Betting on Nanocrystals

Klimov has just become director of the new Center for Advanced Solar Photophysics at Los Alamos, a collaborative effort with six other institutions: the National Renewable Energy Laboratory (NREL) in Colorado, Rice University in Texas, the University of Colorado, Colorado School of Mines, the University of California at Irvine, and the University of Minnesota. The center is one of the 46 Energy Research Frontier Centers funded by the Department of Energy to do high-risk, potentially breakthrough research for making renewable, carbon-free energy available and affordable across the globe. Of those 46 centers, 13 are devoted in whole or part to harnessing solar energy.

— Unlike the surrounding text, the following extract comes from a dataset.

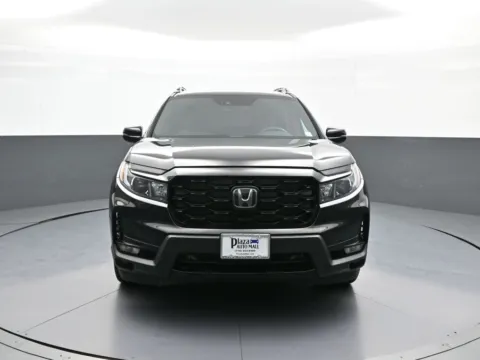 Photos of 2023 Honda Passport Elite for sale in Brooklyn, NY at Acura of Brooklyn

Klimov says, “Our center is focused on semiconductor nanostructures, mainly nanocrystal quantum dots because they’re cheap to make—and that’s because they can be grown and processed in solution.” Klimov is a world leader in the physics of quantum dots, tiny specks of matter that each contain from 100 to 10, 000 atoms and extend only 2 to 20 nanometers (billionths of a meter) in each direction.

Nanocrystal quantum dots have a number of properties that fit right in with the needs of photovoltaics. First, they are easy to grow and process. Jeff Pietryga, a leading chemist on Klimov’s Los Alamos team, and other chemists at the center have refined the methods for growing nanocrystals in solution, achieving excellent uniformity in their size and composition. Making a uniform film of these can be as easy as pouring drops of crystals in solution onto a spinning surface and allowing the fluid to spread and dry. Such films can be much cheaper to fabricate than ordinary semiconductor thin films, which require expensive deposition techniques.

Second, a thin film of nanocrystals (50 to 100 nanocrystals thick) can absorb as much light as the standard single-crystal silicon wafer, which is 1, 000 times thicker.